START Dataset records

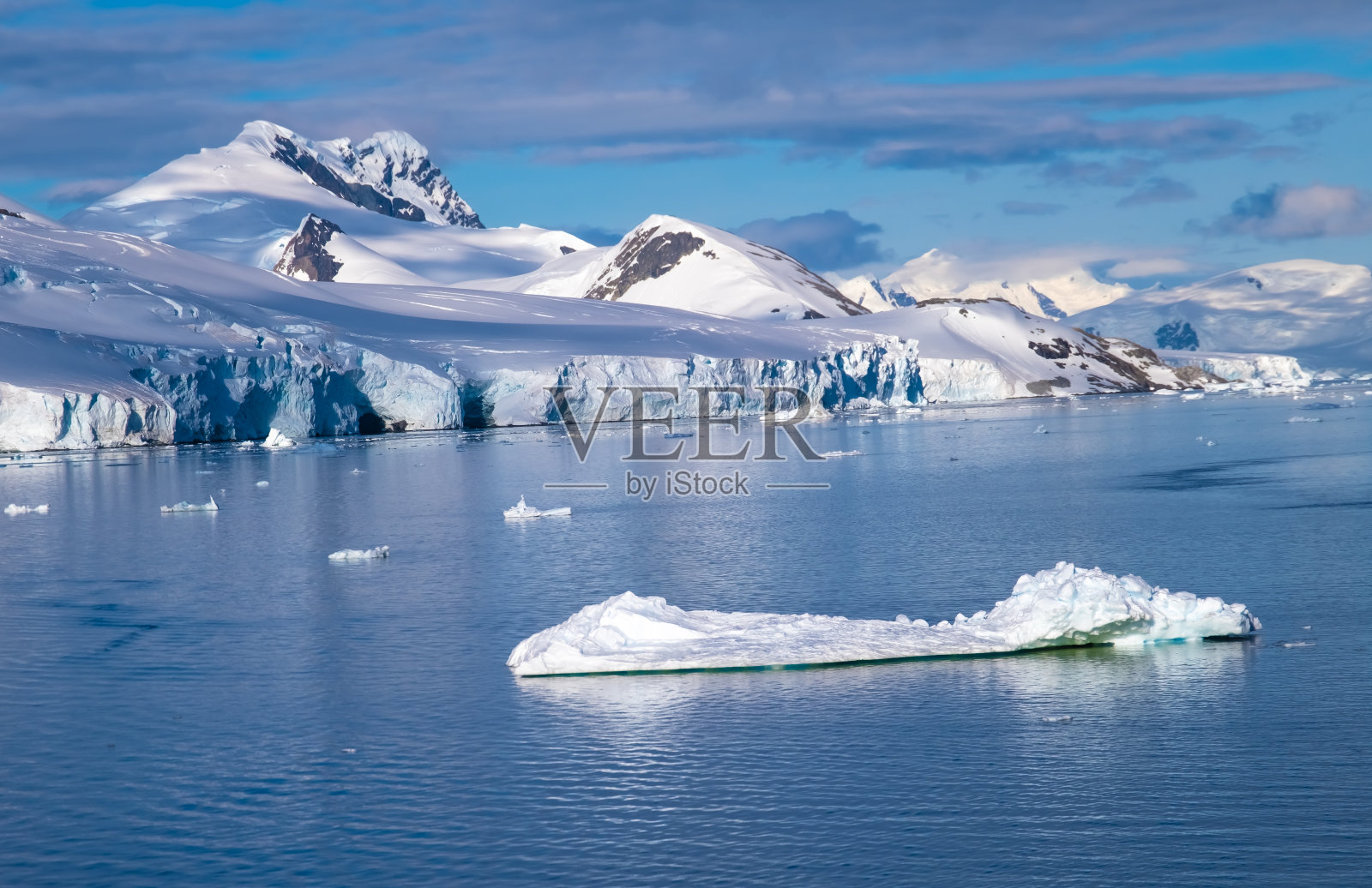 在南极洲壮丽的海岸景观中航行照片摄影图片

END Dataset records
START Dataset records

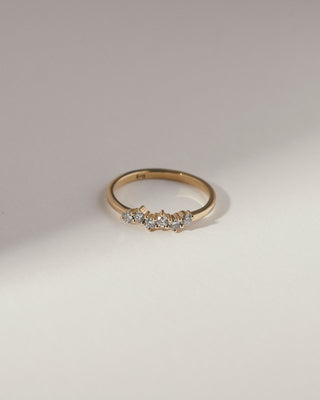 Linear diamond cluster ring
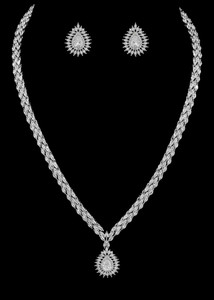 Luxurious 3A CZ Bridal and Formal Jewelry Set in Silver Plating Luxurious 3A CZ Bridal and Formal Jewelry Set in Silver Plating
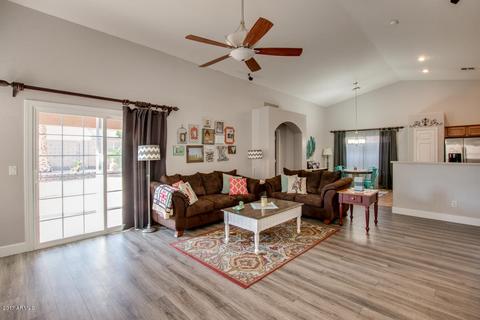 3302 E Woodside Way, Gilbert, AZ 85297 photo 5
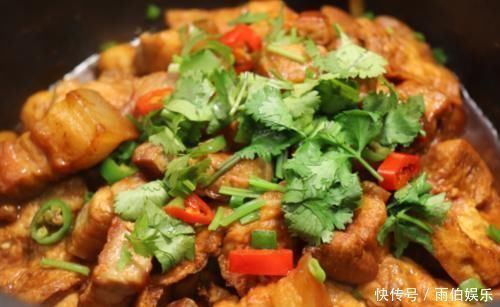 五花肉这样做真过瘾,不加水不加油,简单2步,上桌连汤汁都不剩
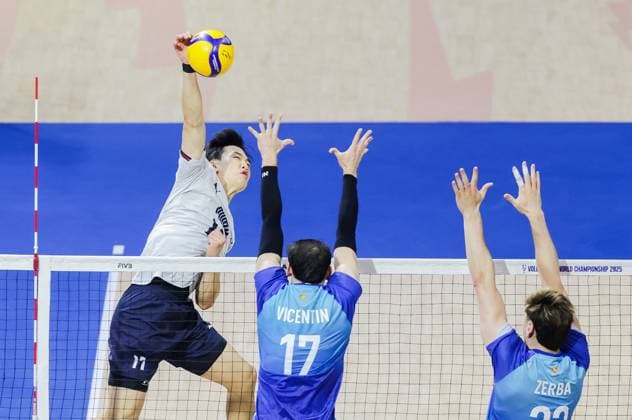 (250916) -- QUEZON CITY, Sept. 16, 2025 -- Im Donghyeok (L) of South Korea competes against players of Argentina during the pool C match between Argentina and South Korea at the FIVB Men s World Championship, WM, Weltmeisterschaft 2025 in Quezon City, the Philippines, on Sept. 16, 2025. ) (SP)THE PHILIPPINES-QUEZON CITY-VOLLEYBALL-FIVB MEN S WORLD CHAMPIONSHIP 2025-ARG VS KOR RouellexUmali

END Dataset records
START Dataset records

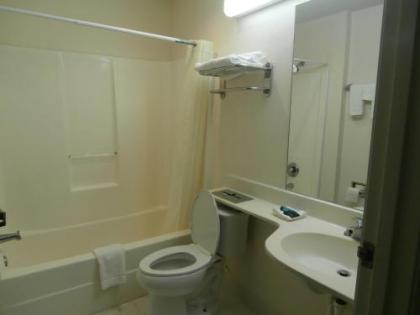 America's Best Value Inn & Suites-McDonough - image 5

END Dataset records

— Action item —
Exactly the lines above, from the one containing "Linear diamond cluster ring" down to the one containing "五花肉这样做真过瘾,不加水不加油,简单2步,上桌连汤汁都不剩", are to be repeated, including both ends. Pictures are not part of the copy.

— Response —
 Linear diamond cluster ring
 Luxurious 3A CZ Bridal and Formal Jewelry Set in Silver Plating Luxurious 3A CZ Bridal and Formal Jewelry Set in Silver Plating
 3302 E Woodside Way, Gilbert, AZ 85297 photo 5
 五花肉这样做真过瘾,不加水不加油,简单2步,上桌连汤汁都不剩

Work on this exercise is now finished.